Alastair Mactaggart, who launched a California ballot initiative that paved the way for the state’s privacy law, has met with lawmakers on Capitol Hill in recent weeks to lobby on privacy. He told POLITICO he plans to ramp up outreach efforts to California lawmakers to urge them not to preempt the state law with a weaker national statute.
“I do want to start making efforts to try to get people to contact their representatives and say, ‘Hey, look: You, California, absolutely decide the fate of this thing,’” he said during an interview. And within California, there’s bipartisan interest in protecting the law. Earlier this week a group of Republican state lawmakers from California urged Capitol Hill committee leaders not to preempt state laws.

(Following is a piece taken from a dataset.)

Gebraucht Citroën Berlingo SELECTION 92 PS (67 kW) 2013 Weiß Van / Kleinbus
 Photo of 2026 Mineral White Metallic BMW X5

The next several months will test how much sway California and the federal lawmakers representing the state may hold on the Democratic caucus writ large. As some members, from Pallone to Sen. Richard Blumenthal (D-Conn.), seem wary of a preemption provision generally, California’s influence could tip the scales on what sort of bill they would be willing to support — and whether Republicans and Democrats eventually land on the same page.
“Preemption’s always been a tough issue, particularly [when] the federal government hasn’t done anything and some states have provided leadership like California,” said Rep. Peter Welch (D-Vt.), an E&C panel member who has entertained a bargain involving preemption. “There’s a lot of respect for what California has done and how it’s taken the lead.”